- Racing silks of J P McManus
- Sire: Walk In The Park
- Dam: Sway
- Damsire: Califet
- Sex: Gelding
- Foaled: 4 April 2018
- Country: Ireland
- Colour: Bay
- Breeder: Noreen McManus
- Owner: J. P. McManus
- Trainer: Gavin Cromwell

Major wins
- Cheltenham Gold Cup (2025)

Honours
- Horse Racing Ireland Horse of the Year 2025 (joint)

= Inothewayurthinkin =

Irish thoroughbred racehorse (born 2018)

Inothewayurthinkin (born 4 April 2018) is an Irish-bred, Irish-trained thoroughbred racehorse. A steeplechaser, he is best known for winning the 2025 Cheltenham Gold Cup.

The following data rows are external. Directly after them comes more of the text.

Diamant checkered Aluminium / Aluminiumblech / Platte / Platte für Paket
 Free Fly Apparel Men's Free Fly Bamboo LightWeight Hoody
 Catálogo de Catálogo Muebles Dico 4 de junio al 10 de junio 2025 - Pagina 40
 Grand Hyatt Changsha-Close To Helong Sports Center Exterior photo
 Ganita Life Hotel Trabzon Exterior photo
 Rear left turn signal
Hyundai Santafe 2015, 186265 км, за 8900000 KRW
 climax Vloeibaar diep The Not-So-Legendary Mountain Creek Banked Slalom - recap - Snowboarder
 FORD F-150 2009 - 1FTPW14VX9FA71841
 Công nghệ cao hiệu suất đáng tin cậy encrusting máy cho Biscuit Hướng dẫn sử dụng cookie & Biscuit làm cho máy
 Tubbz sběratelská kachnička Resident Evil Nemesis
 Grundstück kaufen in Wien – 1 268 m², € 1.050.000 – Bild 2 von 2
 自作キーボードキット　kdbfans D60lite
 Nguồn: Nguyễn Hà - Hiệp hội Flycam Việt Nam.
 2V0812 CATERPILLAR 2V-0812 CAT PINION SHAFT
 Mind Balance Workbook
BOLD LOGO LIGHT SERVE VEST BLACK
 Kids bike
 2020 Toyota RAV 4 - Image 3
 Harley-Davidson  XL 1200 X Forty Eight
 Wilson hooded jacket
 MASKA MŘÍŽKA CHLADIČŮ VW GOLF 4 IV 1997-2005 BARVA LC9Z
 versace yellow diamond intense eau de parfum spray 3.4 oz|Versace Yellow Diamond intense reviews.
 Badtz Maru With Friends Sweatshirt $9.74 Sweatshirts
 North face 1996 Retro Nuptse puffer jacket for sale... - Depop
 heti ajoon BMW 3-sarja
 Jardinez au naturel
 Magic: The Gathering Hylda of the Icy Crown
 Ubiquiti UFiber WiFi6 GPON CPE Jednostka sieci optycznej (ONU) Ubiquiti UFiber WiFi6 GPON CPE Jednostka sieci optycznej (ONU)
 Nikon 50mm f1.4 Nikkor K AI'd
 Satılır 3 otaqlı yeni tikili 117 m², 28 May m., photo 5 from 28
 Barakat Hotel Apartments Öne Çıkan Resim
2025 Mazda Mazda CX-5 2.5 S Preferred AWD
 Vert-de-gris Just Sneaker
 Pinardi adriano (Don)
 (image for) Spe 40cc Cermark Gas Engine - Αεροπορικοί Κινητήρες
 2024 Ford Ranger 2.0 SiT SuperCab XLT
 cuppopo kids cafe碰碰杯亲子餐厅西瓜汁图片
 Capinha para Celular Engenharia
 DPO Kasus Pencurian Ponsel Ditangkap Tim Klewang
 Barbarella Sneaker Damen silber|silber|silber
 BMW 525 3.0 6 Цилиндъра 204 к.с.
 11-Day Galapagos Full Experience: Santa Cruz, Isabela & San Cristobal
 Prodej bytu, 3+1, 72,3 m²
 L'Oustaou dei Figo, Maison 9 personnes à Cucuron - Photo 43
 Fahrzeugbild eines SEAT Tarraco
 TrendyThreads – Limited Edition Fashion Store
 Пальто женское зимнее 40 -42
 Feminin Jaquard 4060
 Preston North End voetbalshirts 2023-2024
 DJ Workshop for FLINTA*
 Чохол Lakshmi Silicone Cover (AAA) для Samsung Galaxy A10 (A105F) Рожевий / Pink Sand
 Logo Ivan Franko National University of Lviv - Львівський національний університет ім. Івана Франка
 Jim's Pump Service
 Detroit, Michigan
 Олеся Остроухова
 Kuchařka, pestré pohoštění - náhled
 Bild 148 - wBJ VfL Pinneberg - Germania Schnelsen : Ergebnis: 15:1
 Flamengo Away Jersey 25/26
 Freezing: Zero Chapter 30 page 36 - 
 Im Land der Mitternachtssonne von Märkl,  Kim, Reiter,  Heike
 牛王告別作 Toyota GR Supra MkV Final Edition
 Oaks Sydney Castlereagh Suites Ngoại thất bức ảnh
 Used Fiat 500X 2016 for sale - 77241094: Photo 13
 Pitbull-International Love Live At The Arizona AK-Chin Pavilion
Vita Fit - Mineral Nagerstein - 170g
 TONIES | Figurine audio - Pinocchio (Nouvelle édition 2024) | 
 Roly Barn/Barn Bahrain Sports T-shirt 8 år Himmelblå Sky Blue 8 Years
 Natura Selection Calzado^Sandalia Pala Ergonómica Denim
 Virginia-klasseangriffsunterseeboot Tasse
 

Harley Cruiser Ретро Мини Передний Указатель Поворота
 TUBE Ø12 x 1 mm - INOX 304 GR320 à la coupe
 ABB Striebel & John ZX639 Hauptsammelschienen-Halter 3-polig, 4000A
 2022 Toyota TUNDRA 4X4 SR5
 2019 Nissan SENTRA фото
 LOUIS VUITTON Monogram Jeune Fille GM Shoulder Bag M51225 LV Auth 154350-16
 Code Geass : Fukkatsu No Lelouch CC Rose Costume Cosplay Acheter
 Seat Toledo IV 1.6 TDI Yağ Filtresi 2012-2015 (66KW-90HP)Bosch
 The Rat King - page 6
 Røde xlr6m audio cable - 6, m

Inothewayurthinkin is owned by J. P. McManus, and bred by his wife, Noreen. He is trained by Gavin Cromwell at Danestown in Co. Meath.

Much attention leading up to the 2025 Cheltenham Gold Cup was on Galopin Des Champs, winner in 2023 and 2024 and favoured to win a third time in a row. Inothewayurthinkin was added to the race as a supplementary entry. Ridden by Mark Walsh, Inothewayurthinkin beat the odds-on favourite into second place and won by six lengths.

The 2026 Cheltenham Gold Cup was won by Gaelic Warrior with Inothewayurthinkin finishing third.